Your copy runs from the line containing "Customizable New Style" through the last line of the listing, both included. Restate those lines word for word and leave out pictures.

■ Collected data:

● ● ● ●

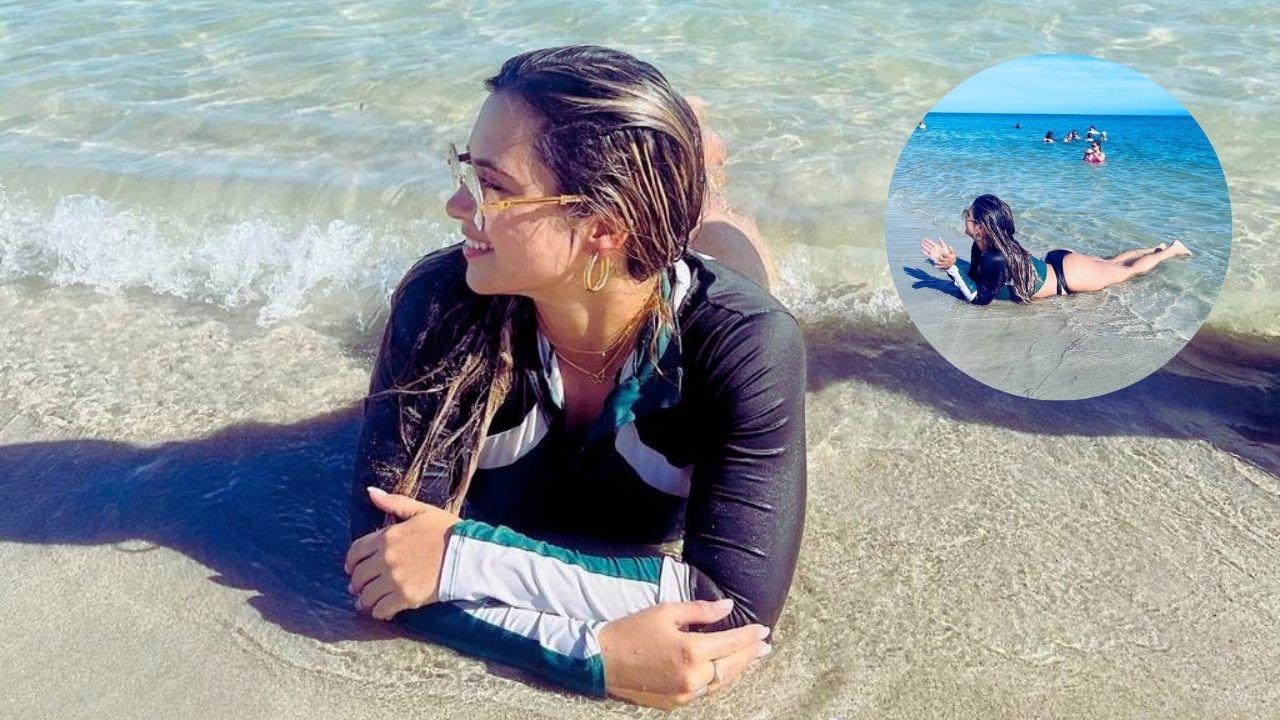 Imagen de Ex de Mr. JC presume sus curvas con ajustado traje de baño en la playa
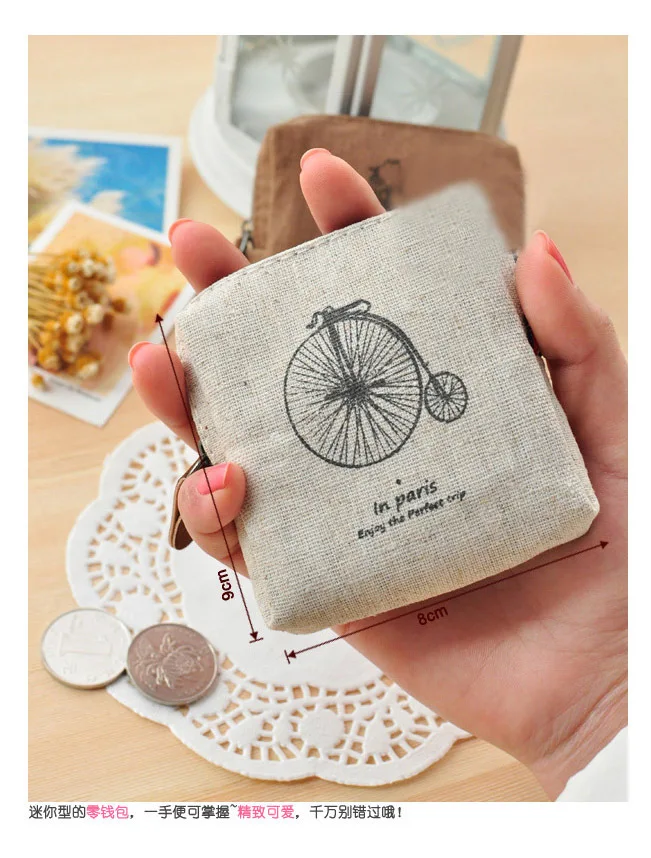 Customizable New Style Purse Korean-style Canvas Key Case Creative Cartoon Printed Mini Wallet Women's Manufacturers Direct Sell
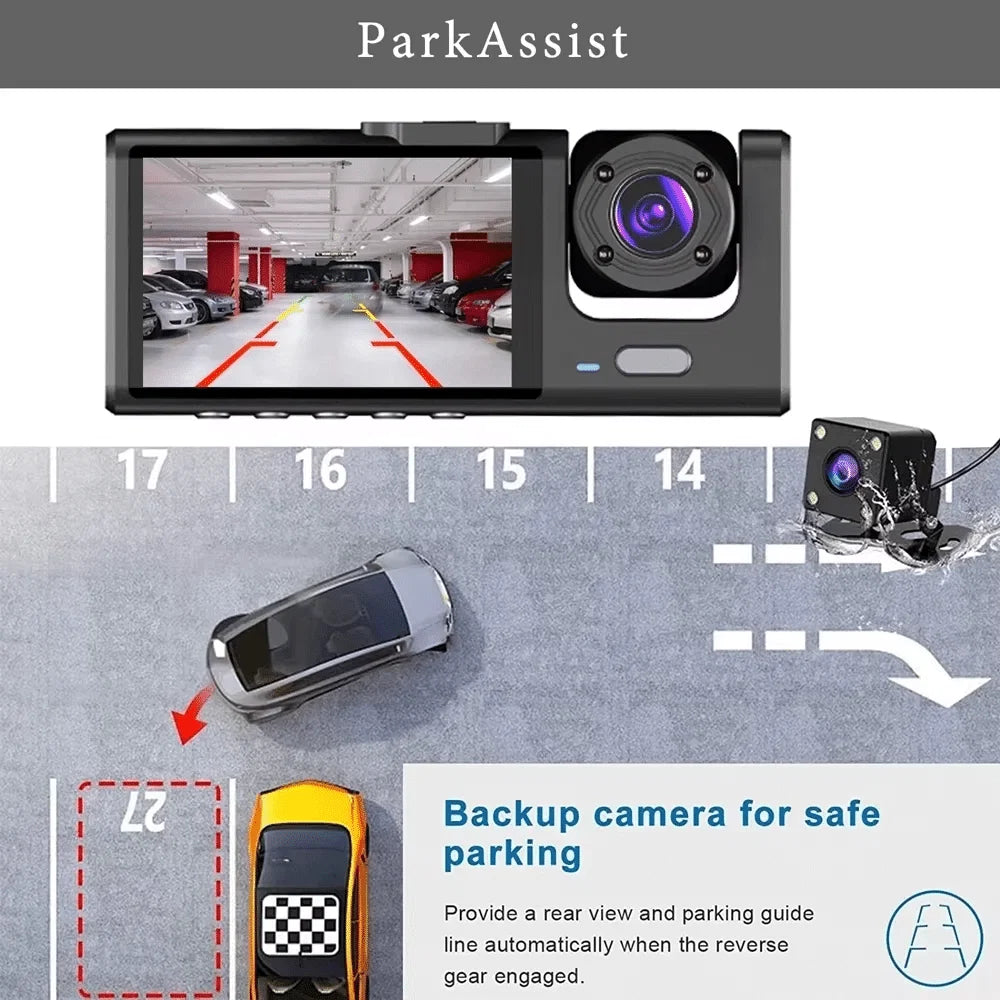 Three-Way DVR Dash Camera – Front, Rear & Interior Car Recorder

● ● ● ●

■ Answer space:
 Customizable New Style Purse Korean-style Canvas Key Case Creative Cartoon Printed Mini Wallet Women's Manufacturers Direct Sell
 Three-Way DVR Dash Camera – Front, Rear & Interior Car Recorder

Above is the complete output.